I often hear conversations about unreached people groups and exotic populations of people who need to hear the hope of the gospel message. But there may be unreached people in your neighborhood. Of children under the age of 18, 4.3 percent are considered disabled. These nontypical kids and their families often find it easier to opt out of church. It has been documented that these households feel isolated, tired, and in great need of support. In Luke 14, Jesus tells a parable concerning His desire to open the “banquet table” to the overlooked and marginalized. Peruse the invitation—the poor and crippled, the blind and lame are to be invited and brought to the church. In all honesty, I often want the rich, beautiful, and gifted guests at my table. Maybe the reason I am at the table in the first place is that in God’s economy I am the weaker and less desirable. Second, notice the sense of urgency—“Go out quickly”—these are powerful action words for our Lord.

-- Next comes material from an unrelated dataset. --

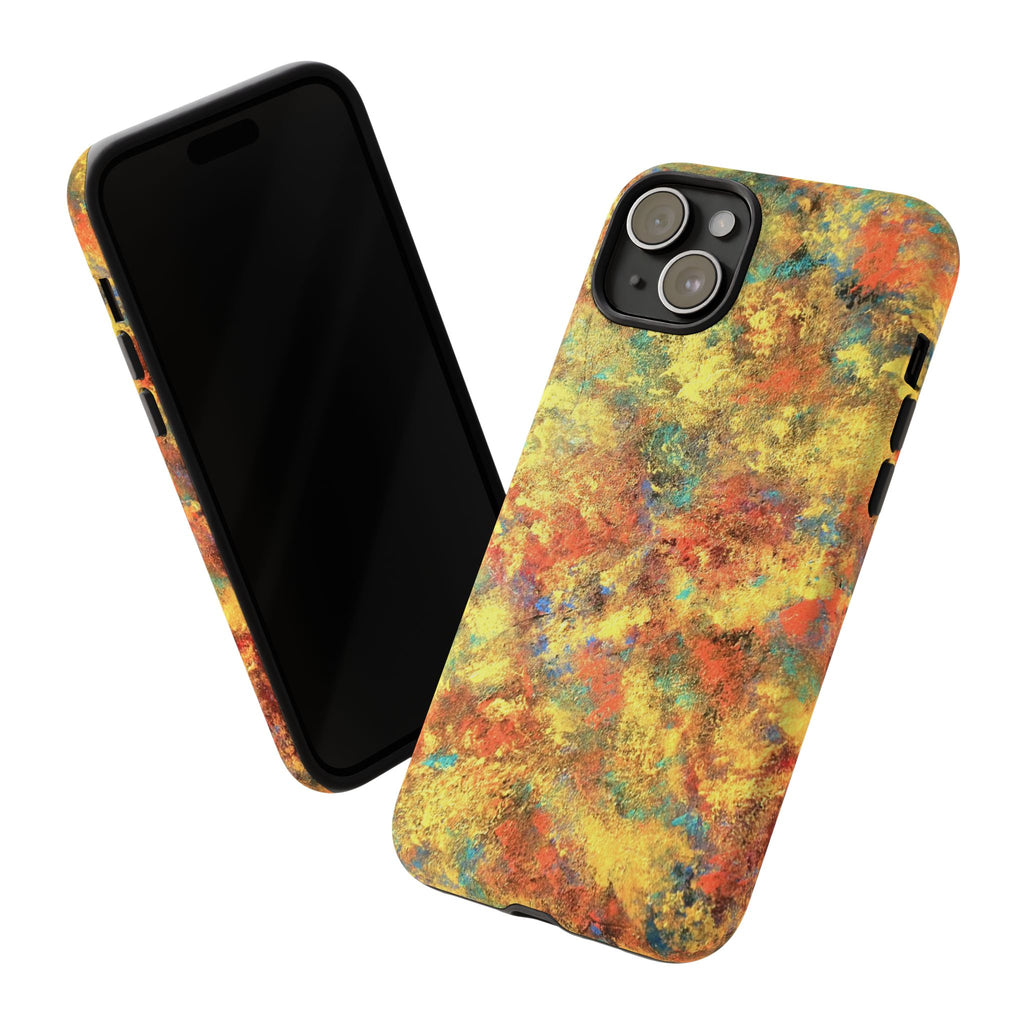 Abstract Autumn Marble Phone Case — Protective iPhone Cover with Warm Fall Colors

He does not say, “Let’s wait and see if we have anyone poor, crippled, or lame and then develop a ministry.” This is a command to search and find and bring them in.
Once again, notice the passion to which the church is called to this population: “Compel people to come in” (emphasis added). This admonishment for the church is not a passive invitation to this subgroup; Jesus says to do this quickly and compel them to come in. The banquet table of the Lord looks more diverse than most of our churches. This is not a call to tolerate nontypical people but one to seek them out and invite them in with passion and love. This is not an invitation to tolerate nontypical individuals and their families but a command to seek them with passion and invite them to the great banquet of our King.
An outreach ministry can be “to serve someone,” “for someone,” or “with someone.” Often church ministries begin as programs directed to a population. These often do not ask many questions or research the true needs of the group to be served. These types of ministries, though often well motivated, may not be very successful. A ministry must, at the least, be for the target group. A ministry for a target group will probably involve more volunteers, research, community input, and energy but is much better at meeting needs than at being simply a social group. The church may, however, strive to develop programs and join with nontypical participants. Even small churches can be thinking through these ways of ministering.